You may never have heard of a Bloom Filter, but this ingenious algorithm is used in Google's BigTable database to save time fruitlessly searching for data that isn't there.

In programming, perhaps in life, there are certain well known trade-offs. You can usually trade space for time as in the more storage you can throw at a problem the faster you can make it run. There is also a lesser known trade-off which is much more sophisticated. In general, you can trade certainty for time. This the basis of many random algorithms where the solution returned isn't certain but it is fast compared to a deterministic calculation of the same quantity.

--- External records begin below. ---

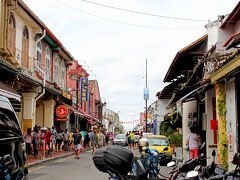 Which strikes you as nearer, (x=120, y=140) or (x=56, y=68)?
(x=56, y=68)

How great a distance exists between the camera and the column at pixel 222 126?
995 cm

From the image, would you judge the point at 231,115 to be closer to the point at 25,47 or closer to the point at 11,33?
the point at 11,33

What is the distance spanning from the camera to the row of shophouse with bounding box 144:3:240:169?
30.8 feet

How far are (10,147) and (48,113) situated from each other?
68.2 ft

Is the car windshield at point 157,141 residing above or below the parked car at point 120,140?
above

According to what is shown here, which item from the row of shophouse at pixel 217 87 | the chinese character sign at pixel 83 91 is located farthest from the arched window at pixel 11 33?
the chinese character sign at pixel 83 91

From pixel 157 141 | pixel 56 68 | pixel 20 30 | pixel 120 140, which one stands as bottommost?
pixel 120 140

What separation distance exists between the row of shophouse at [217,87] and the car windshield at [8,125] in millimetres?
5188

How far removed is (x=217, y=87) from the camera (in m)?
10.6

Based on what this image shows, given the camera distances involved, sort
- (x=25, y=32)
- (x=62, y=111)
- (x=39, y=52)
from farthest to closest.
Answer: (x=62, y=111) < (x=39, y=52) < (x=25, y=32)

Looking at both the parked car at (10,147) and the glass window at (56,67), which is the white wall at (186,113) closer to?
the parked car at (10,147)

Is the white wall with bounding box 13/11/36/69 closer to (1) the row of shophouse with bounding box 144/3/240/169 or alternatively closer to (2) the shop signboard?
(2) the shop signboard

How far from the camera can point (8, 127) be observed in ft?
17.3

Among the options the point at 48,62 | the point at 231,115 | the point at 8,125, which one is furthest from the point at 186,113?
the point at 48,62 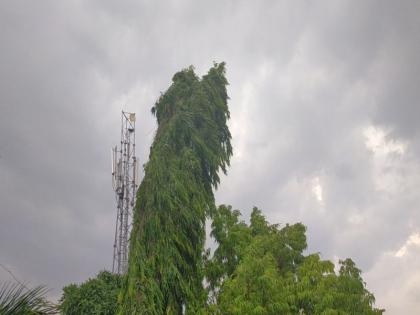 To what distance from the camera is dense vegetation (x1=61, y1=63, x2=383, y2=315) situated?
14734 mm

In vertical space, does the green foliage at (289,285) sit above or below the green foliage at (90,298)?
below

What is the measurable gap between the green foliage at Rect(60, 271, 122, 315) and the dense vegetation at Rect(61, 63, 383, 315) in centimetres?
5

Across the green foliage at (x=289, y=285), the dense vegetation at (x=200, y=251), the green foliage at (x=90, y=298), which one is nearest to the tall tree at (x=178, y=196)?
the dense vegetation at (x=200, y=251)

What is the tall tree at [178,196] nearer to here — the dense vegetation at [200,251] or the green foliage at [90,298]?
the dense vegetation at [200,251]

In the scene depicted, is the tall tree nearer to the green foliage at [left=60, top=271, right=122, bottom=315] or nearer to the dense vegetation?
the dense vegetation

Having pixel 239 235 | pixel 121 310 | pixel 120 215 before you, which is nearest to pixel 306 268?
pixel 239 235

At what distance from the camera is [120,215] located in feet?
95.6

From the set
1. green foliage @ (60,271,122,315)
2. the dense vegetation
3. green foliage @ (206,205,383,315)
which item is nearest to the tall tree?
the dense vegetation

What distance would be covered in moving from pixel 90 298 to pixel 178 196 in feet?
24.9

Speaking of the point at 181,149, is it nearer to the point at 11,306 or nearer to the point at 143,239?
the point at 143,239

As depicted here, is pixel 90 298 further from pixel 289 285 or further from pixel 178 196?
pixel 289 285

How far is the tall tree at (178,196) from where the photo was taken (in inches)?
739

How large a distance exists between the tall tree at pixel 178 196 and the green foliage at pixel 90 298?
3.97 metres

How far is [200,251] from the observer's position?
67.2 ft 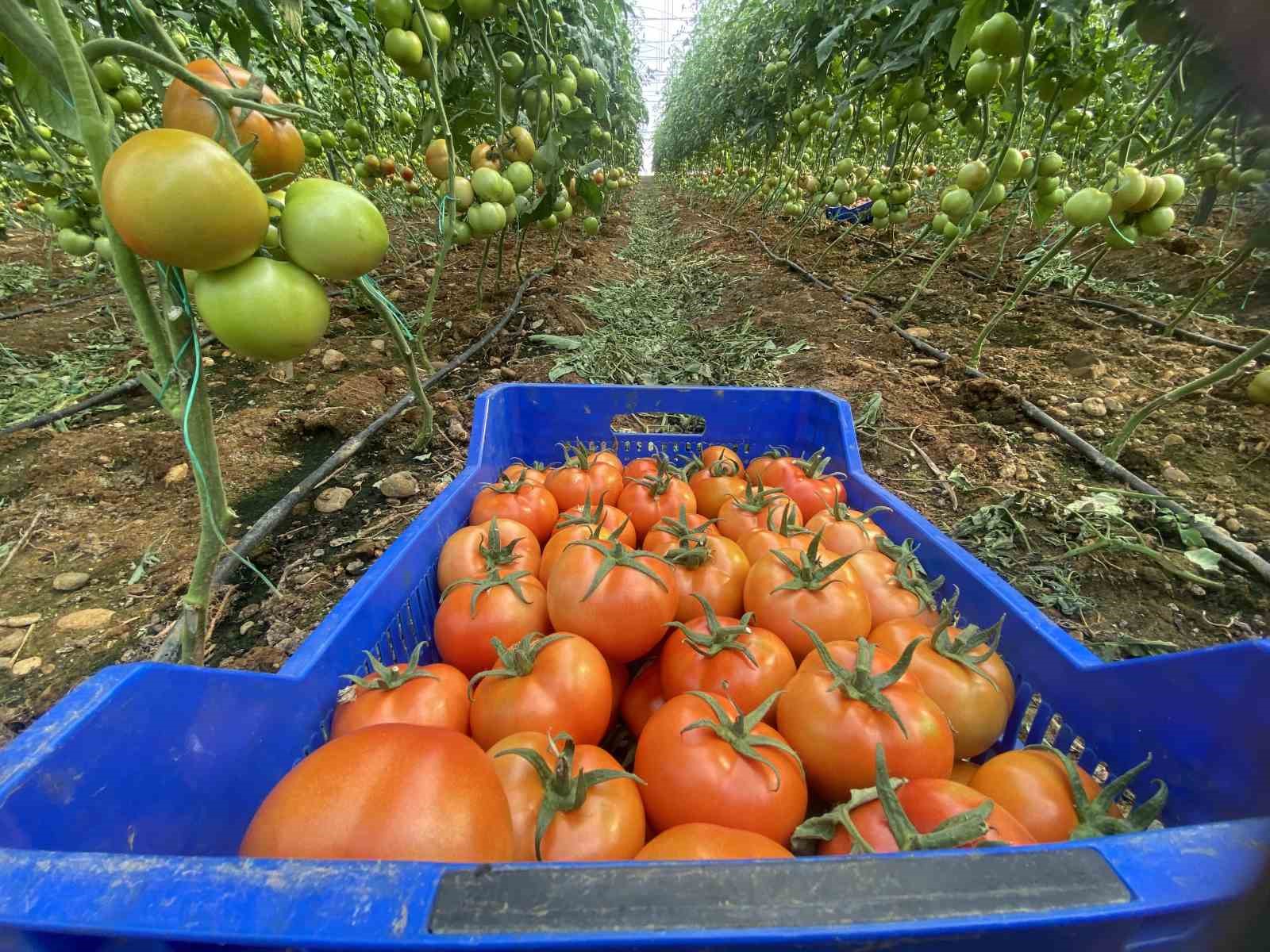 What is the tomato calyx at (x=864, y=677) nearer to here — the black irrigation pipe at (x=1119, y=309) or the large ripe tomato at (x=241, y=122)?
the large ripe tomato at (x=241, y=122)

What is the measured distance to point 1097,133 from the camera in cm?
560

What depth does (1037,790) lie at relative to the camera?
72cm

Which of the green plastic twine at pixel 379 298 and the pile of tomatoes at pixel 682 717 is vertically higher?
the green plastic twine at pixel 379 298

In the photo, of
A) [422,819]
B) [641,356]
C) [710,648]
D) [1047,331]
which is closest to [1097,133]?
[1047,331]

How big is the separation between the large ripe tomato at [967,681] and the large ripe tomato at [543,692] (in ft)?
1.58

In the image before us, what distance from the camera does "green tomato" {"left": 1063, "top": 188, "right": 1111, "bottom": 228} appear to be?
91.6 inches

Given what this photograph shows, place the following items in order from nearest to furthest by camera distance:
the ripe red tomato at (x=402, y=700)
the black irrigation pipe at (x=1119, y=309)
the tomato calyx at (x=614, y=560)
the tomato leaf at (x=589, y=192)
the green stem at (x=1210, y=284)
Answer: the ripe red tomato at (x=402, y=700) < the tomato calyx at (x=614, y=560) < the green stem at (x=1210, y=284) < the black irrigation pipe at (x=1119, y=309) < the tomato leaf at (x=589, y=192)

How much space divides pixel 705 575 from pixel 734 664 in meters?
0.23

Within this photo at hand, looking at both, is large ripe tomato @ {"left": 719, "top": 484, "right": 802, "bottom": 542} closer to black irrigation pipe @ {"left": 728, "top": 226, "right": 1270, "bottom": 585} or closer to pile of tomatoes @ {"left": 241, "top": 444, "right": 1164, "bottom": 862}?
pile of tomatoes @ {"left": 241, "top": 444, "right": 1164, "bottom": 862}

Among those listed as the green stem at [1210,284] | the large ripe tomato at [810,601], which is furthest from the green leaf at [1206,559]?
the large ripe tomato at [810,601]

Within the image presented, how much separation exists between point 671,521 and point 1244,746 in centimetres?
82

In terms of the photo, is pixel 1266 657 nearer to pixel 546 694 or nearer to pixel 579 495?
pixel 546 694

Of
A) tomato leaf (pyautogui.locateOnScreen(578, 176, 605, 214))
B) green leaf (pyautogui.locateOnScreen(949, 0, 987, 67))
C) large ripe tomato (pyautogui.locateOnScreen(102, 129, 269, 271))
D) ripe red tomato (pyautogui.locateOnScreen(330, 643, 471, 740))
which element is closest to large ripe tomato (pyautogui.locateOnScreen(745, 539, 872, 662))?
ripe red tomato (pyautogui.locateOnScreen(330, 643, 471, 740))

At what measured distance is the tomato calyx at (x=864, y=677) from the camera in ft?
2.53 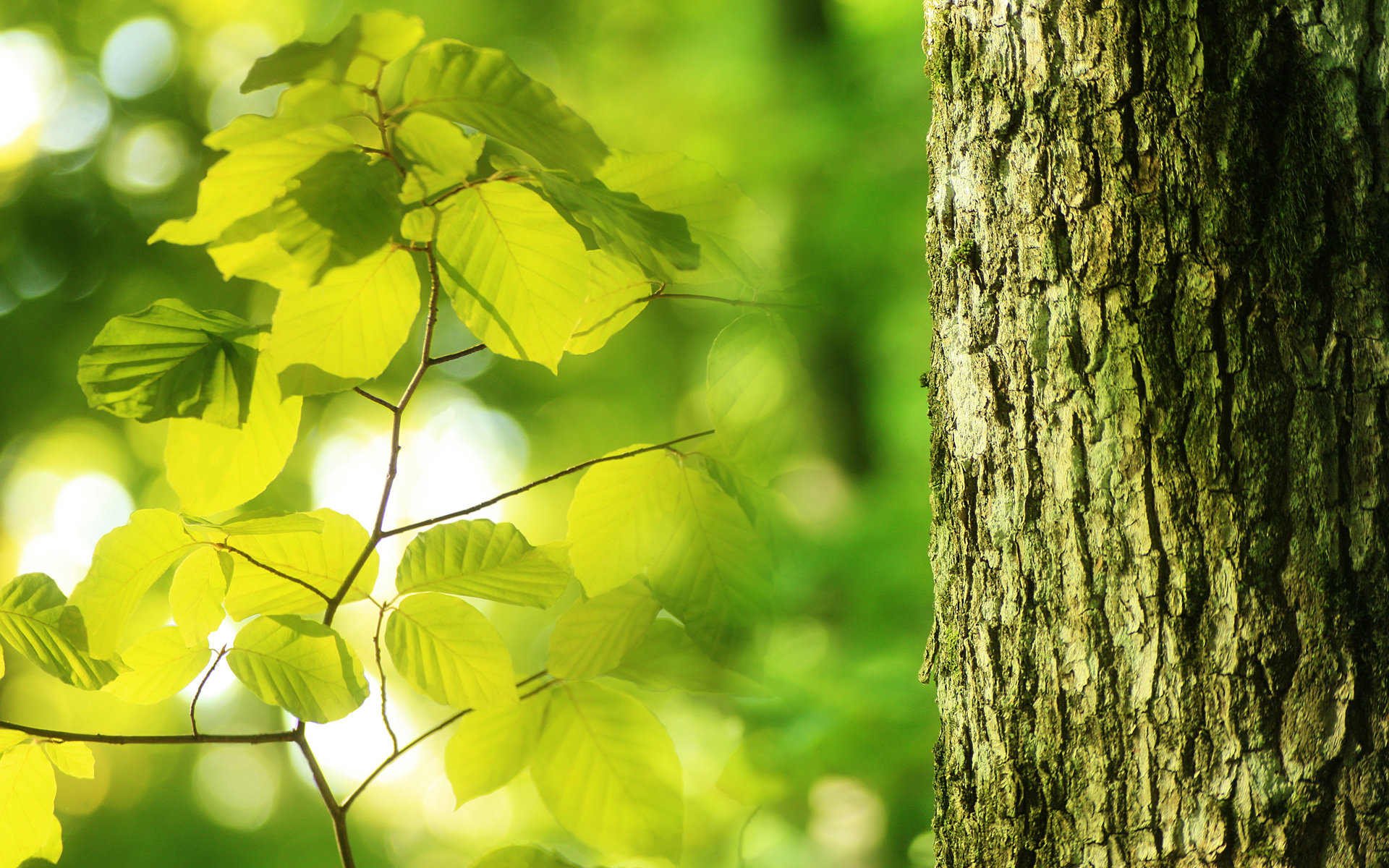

These are ideas that fascinate many programmers who become completely absorbed by the study of algorithms for their own sake, but they also have practical application. Take for example the currently hot topic of the Bloom Filter. This might sound like something a creative photographer might put in front of his lens but it is in fact an intriguing algorithm that mixes trading both space and certainty for time. It can tell you if you have seen a particular data item before in ultra quick time - but it might be wrong!

Bloom filters are used by Google's BigTable database to reduce lookups for data rows that haven't been stored. The Squid proxy server uses one to avoid looking up things that aren't in the cache and so on...

Using hash functions

The algorithm invented in 1970 by Burton Bloom is very simple but still ingenious. It relies on the use of a number of different hash functions.

A hash function is a function that will take an item of data and process it to produce a value or key. For example, you could simply add up the code values for each character in a string and return the result mod some given value. A hash function always produces the same hash value from the same data but it is possible and in fact usual for two different data values to produce the same hash value. That is the hash value isn't unique to a given item of data and you can't reverse the hashing function to get the data values. The hash function is a many-one deterministic function. A good hash function also has other desirable properties such as spreading the hash values obtained as evenly as possible over the output range but for the moment let's just concentrate on the basic hash function.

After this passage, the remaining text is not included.